In 2010, Stephen Hawking famously claimed that “Without imperfection, you or I would not exist”. Inspired by the genius of such a visionary mind and as a tribute to his recent death, in this salon we will investigate the encroachment of AI into our daily lives through the lens of imperfection. Imperfection, as the (alleged?) trait that distinguishes human from artificial intelligence; imperfection, as the uncertainty of messy and missing data and of predicting what might happen next, which are the fields where humans still perform better than computers; and, finally, imperfection, as the alarming artificial stupidity that most superintelligent machines display today.

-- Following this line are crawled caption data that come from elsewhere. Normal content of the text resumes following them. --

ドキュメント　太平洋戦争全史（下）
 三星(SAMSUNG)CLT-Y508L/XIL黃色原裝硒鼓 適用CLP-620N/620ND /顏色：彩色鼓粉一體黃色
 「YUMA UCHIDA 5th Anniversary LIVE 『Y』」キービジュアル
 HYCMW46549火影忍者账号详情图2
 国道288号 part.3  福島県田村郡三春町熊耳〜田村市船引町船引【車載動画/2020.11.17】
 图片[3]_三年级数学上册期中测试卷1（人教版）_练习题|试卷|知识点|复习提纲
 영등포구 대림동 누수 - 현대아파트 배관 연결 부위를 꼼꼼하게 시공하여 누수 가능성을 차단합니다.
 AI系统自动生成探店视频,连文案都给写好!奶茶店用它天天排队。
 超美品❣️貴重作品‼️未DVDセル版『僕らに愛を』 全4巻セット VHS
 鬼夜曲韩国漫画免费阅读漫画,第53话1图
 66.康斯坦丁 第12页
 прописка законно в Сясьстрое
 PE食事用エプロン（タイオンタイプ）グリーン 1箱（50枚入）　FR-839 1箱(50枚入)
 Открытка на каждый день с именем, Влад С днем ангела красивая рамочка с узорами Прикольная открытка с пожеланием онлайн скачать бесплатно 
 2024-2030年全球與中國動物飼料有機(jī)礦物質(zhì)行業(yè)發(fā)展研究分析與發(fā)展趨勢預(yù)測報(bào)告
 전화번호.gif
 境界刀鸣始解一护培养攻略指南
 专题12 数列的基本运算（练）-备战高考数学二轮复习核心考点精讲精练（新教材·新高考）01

Some of the questions we strived to answer: If the AI revolution is already happening, how will we as humans interact with robots when they become a more visible part of our everyday lives? And how will they interact with us? As AI grows up and starts to think, not just to learn, how human-like do we want their intelligence to be? And if we need robots to have morals, how can they learn ethical behavior, if there is no “user manual” for being human? How do we even translate the concepts of good and evil into the language of zeroes and ones? Could Shakespeare and Tolstoy help? How does AI intersect with issues of race, gender, aging and our future histories? How do old and new fictions about robots and automatons affect and reflect our way of thinking about AI in the 21st century? If superintelligent machines will be capable of human-level performance on the full range of tasks that are often thought to be uniquely human capacities, including general intelligence and moral reasoning, how will this impact on the way in which we conceive of ourselves? Will this translate into a radical end to human exceptionalism? Or, rather, will this force us to conclude that the most profound essence of our human nature lies in our fallibility? Will AI teach us that imperfection is what makes us human?

This salon took place on April 3rd, 2018.